To My Dear Students,

The title of our Torah Portion, Kedoshim, “Holy Ones,” is well known through its cognates, kaddish., a memorial prayer, kiddush, the prayer extolling the fruit of the vine, and kedusha, a prayer referring to G-d as “Holy, Holy, Holy.”

The Hebrew antonym of kedoshim may not be as recognizable.  That word is “chol,” “common.”  During the Havdala ceremony marking the close of Shabbat, we recite, “hamavdil bein kodesh l’chol,” G-d distinguishes between kodesh, the holy, and chol, the common.
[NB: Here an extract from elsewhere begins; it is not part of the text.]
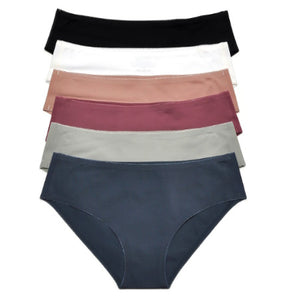 PANTY ILYS
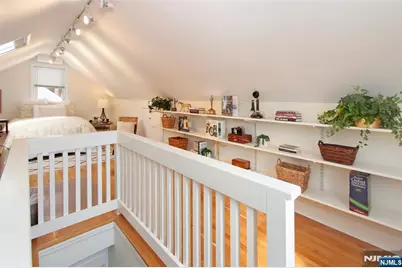 14 Davidson Road, Bloomfield, NJ 07003 - Photo 39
While chol is usually translated as “common,” its literal meaning is “sand.”  Of course, sand is common, but more importantly, sand is unable to stay in one place.  It is subject to wind and tides, and therefore is an apt metaphor for what holy is not. 

For to be kadosh, holy, is to be firmly set, while to be chol, like sand, is to shift this way and that.
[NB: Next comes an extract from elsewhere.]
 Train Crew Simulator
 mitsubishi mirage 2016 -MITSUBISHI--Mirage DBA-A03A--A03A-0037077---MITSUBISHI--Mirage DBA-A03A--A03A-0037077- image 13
A life of chol strains to hear the voice of contemporaries.  Young people tend to listen exclusively to their peers and politicians slavishly adhere to today’s public opinion.

Harry Truman, whose presidency included momentous decisions, once said: “I wonder how far Moses would have gone if he had taken a poll in Egypt.”
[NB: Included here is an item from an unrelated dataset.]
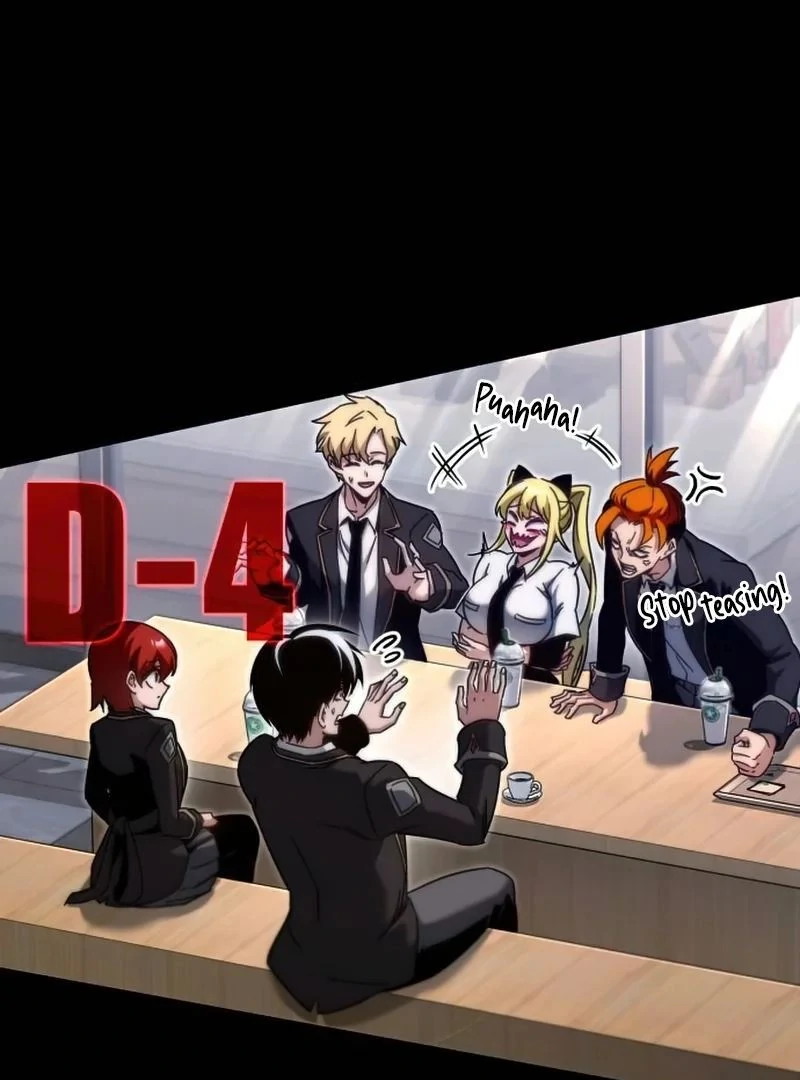 Read I Took over The Academy With a Single Sashimi Knife EN Manga Online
Some people are so bereft of a core that their identity reflects only what others think and say of them.  They so need affirmation that they shift like sand in response to critiques.  Where is holiness in preferring popularity to principle?

How can we be holy?  A life of holiness is firmly set because it is centered on G-d.  It asks: what does G-d want of me in this situation?  Am I inviting G-d into my life to influence my decisions?  Will G-d approve of my next choice and action?  Am I placing G-d’s will above my own desires?  Do I fixate on pursuing the material things of society or do I focus on attaining spiritual development?  Am I attached to truth or do I believe the lies of this world?

In Bob Dylan’s song, “Forever Young,” he counsels his child, “May you have a strong foundation as the winds of changes shift.”

Hamavdil bein kodesh l’chol, may we attain the wisdom to distinguish between what is chol, sand that is here today and over there tomorrow, and kodesh, a foundation in holiness that stands firm when the winds of changes shift.